# I reported and potpimp is not doing anything



## TryPs N TacKs (May 25, 2013)

Its obvious these people are trying to start a flame war with me. Ive reported these people for harassment. Ive asked them to stop and clearly they cant be civil and are ganging up on me. Thanks

https://www.rollitup.org/general-marijuana-growing/621620-danks-update-come-friends-take-215.html


----------



## chuck estevez (May 25, 2013)

seriously??????????????


1 star, quit being a little whiny bitch


----------



## TryPs N TacKs (May 25, 2013)

Lol reported. Keep your hate speech to youself. This is the support section, no?


----------



## chuck estevez (May 25, 2013)

TryPs N TacKs said:


> Lol reported. Keep your hate speech to youself. This is the support section, no?

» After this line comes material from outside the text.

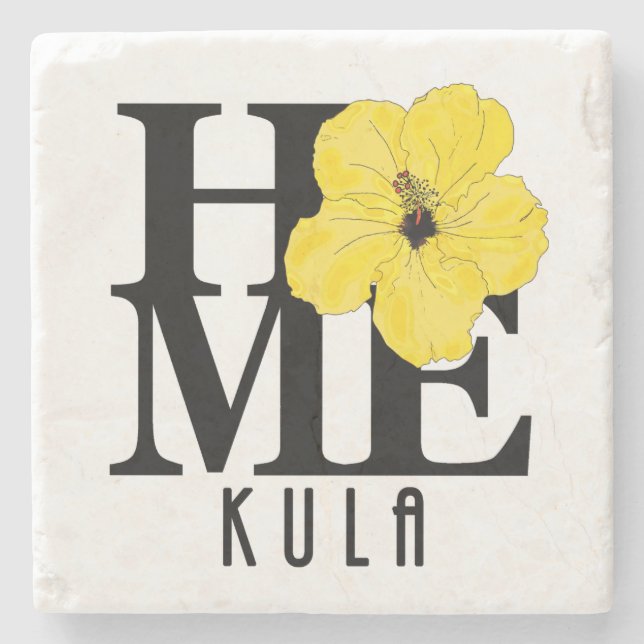 HOME Kula Yellow Hibiscus Stone Coaster (Front)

 Reported, BWAHAHAHA, that's your answer for everything. enjoy what's left of your short stay


----------



## smokeytokeybear (May 25, 2013)

damn.


----------



## Bakatare666 (May 25, 2013)

Two words........
Butt Hurt.
You come into somebody else's thread, that everybody else there has a repoir with the OP, and start shitting on people telling them to get lost?View attachment 2672219


----------



## TryPs N TacKs (May 25, 2013)

Man do i miss the old days members. This new group are full of people who gang up and flame someone

this site is not as good as it used to be


----------



## smokeytokeybear (May 25, 2013)

sure it is ...just doesnt take kindly to people.being rude and acting dumb


----------



## cannabineer (May 25, 2013)

I see someone didn't take my sig advice. cn

https://www.rollitup.org/support/659412-how-do-i-make-clickable.html


----------



## Bakatare666 (May 25, 2013)

chuck estevez said:


> seriously??????????????
> 
> 
> 1 star, quit being a little whiny bitch


Thanks, Chuck.
Did you and I get off on the wrong foot or what happened there a few months back, then again a few weeks ago??


----------



## Bakatare666 (May 25, 2013)

cannabineer said:


> I see someone didn't take my sig advice. cn
> 
> https://www.rollitup.org/support/659412-how-do-i-make-clickable.html


I don't take advice from a bear, it's usually about how to eat a seal.


----------



## chuck estevez (May 25, 2013)

TryPs N TacKs said:


> Man do i miss the old days members. This new group are full of people who gang up and flame someone
> 
> this site is not as good as it used to be


it was great until you should up, now it's even better because you are so sensitive you provide great comedy


----------



## Bakatare666 (May 25, 2013)

TryPs N TacKs said:


> Man do i miss the old days members. This new group are full of people who gang up and flame someone
> 
> this site is not as good as it used to be


Then GTFO, and go back to GC with BMEAT.


----------



## TryPs N TacKs (May 25, 2013)

cannabineer said:


> I see someone didn't take my sig advice. cn
> 
> https://www.rollitup.org/support/659412-how-do-i-make-clickable.html



Been busy today helping to folks out with my sisters grad. Family visting from cali busy busy day. Tending my girls lol thanks for the help though !


----------



## chuck estevez (May 25, 2013)

Bakatare666 said:


> Thanks, Chuck.
> Did you and I get off on the wrong foot or what happened there a few months back, then again a few weeks ago??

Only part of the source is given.